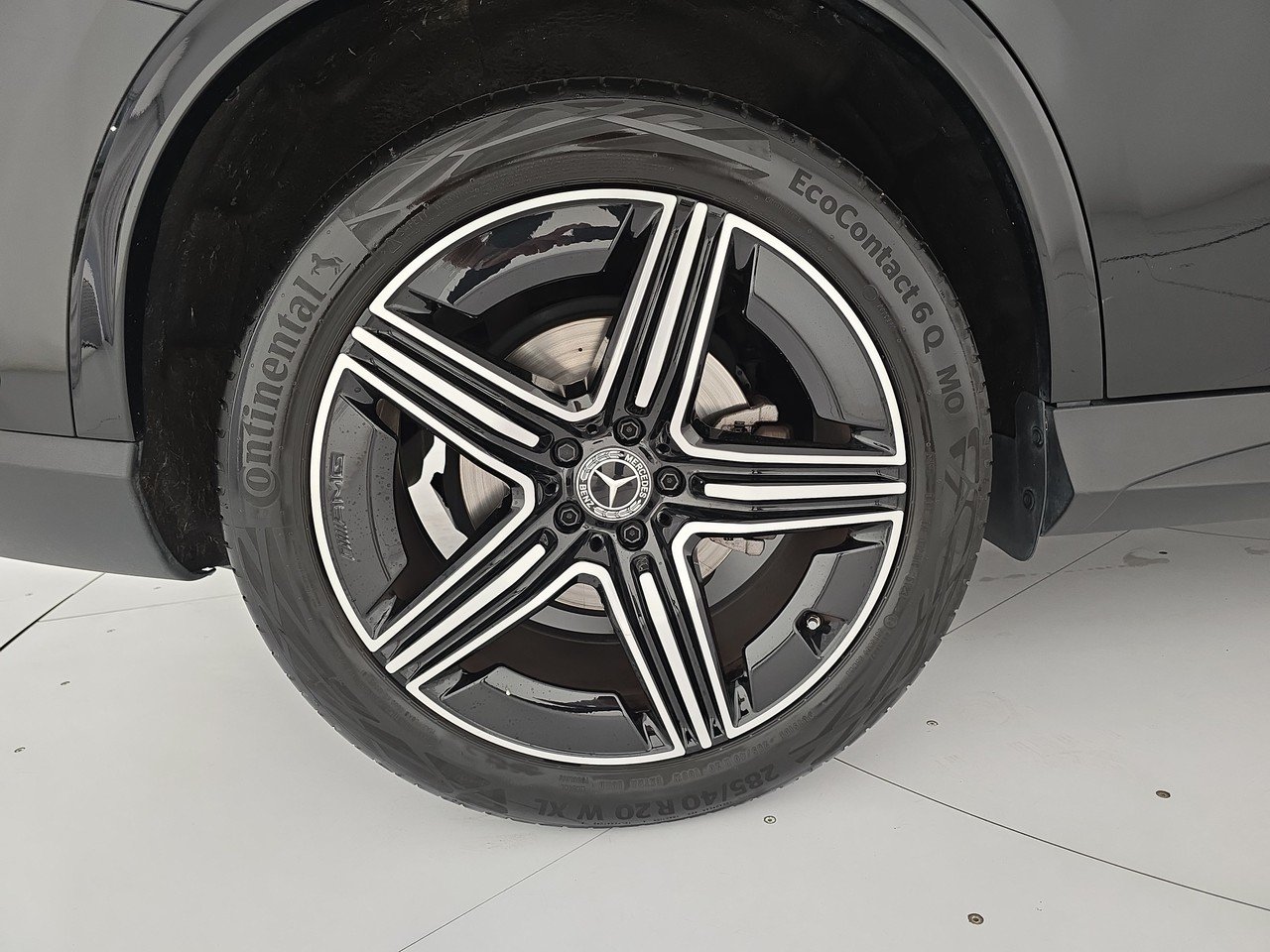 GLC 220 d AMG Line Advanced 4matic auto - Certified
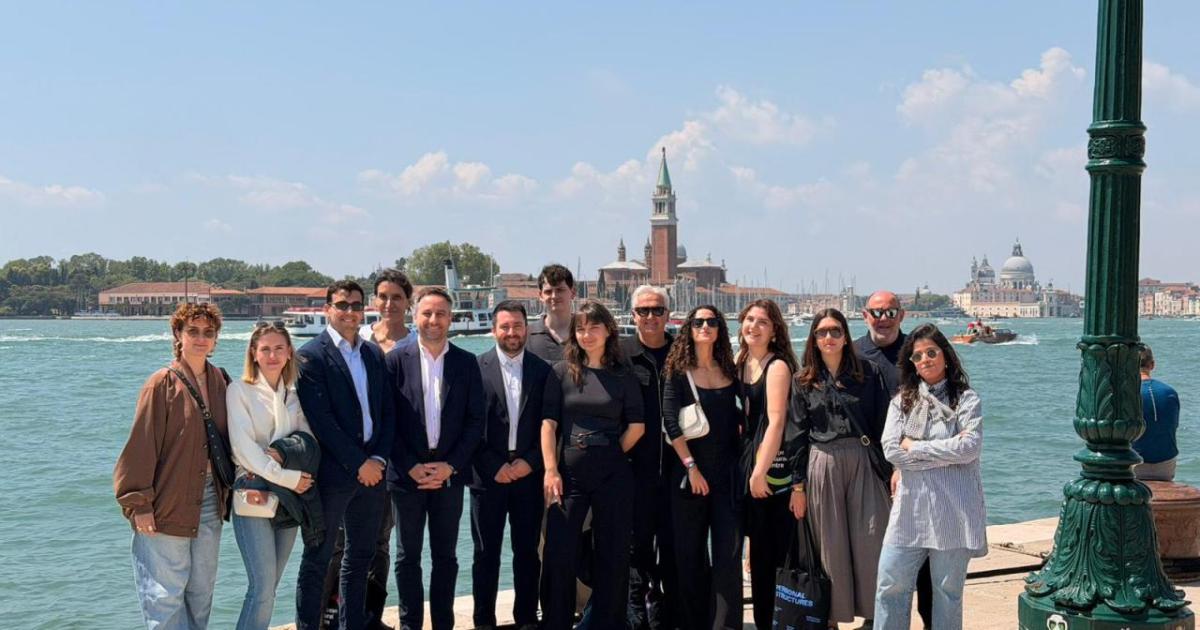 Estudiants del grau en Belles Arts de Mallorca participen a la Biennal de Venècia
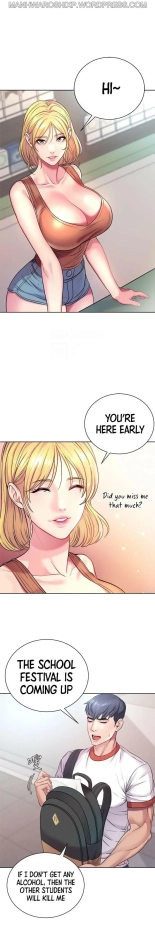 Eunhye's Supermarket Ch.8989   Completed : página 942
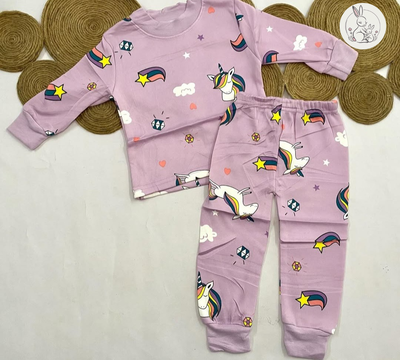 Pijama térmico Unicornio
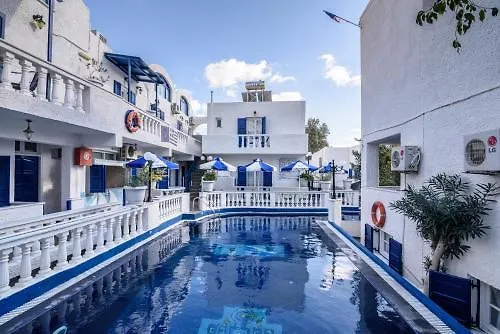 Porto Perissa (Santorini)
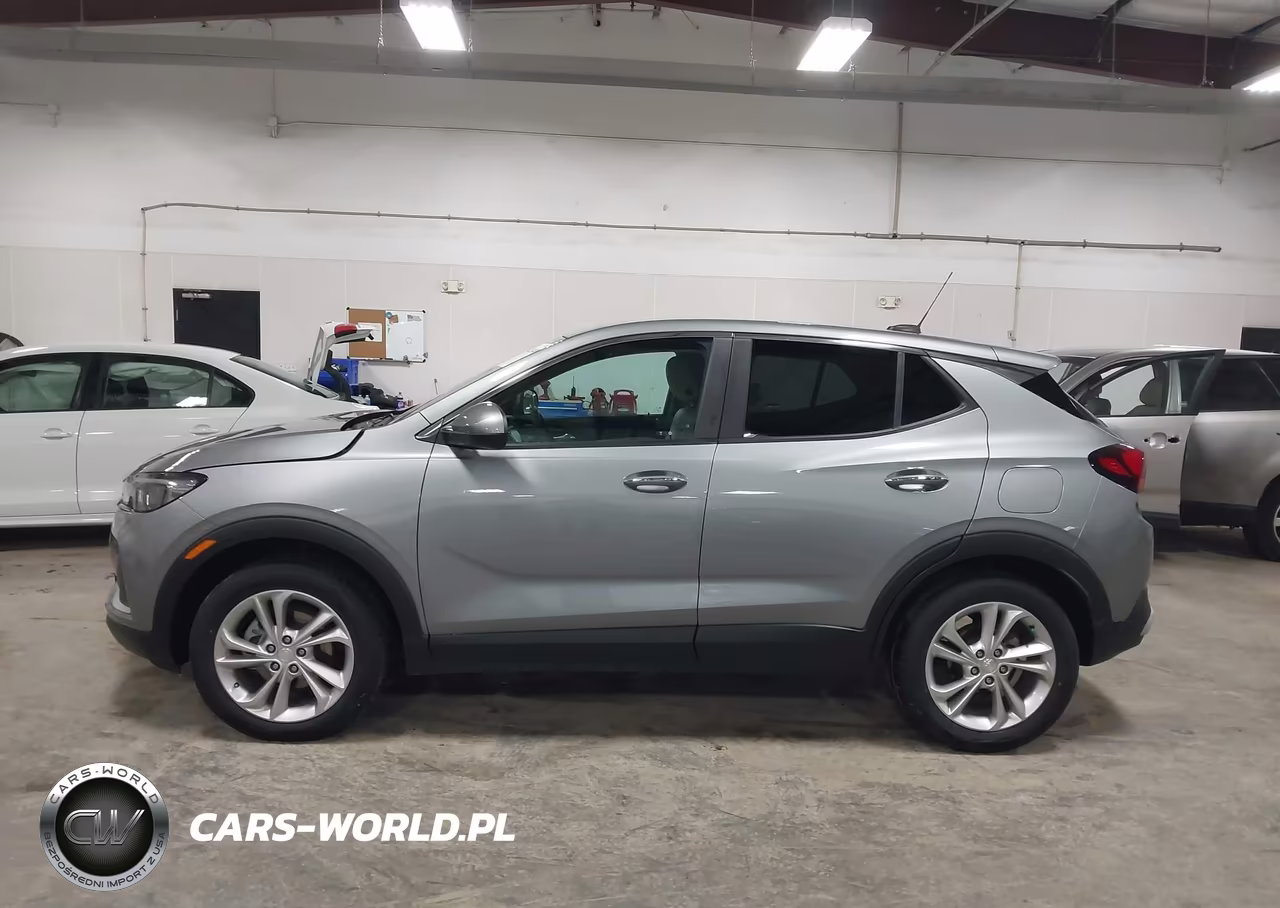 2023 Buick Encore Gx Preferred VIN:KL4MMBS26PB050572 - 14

▶ **WHAT TO WORK ON**
The answer consists solely of the lines from the one holding "Estudiants del grau" through the final line of the records, both ends included, each duplicated exactly. Leave images out.

▶ **SOLUTION FOR THIS PROBLEM**
 Estudiants del grau en Belles Arts de Mallorca participen a la Biennal de Venècia
 Eunhye's Supermarket Ch.8989   Completed : página 942
 Pijama térmico Unicornio
 Porto Perissa (Santorini)
 2023 Buick Encore Gx Preferred VIN:KL4MMBS26PB050572 - 14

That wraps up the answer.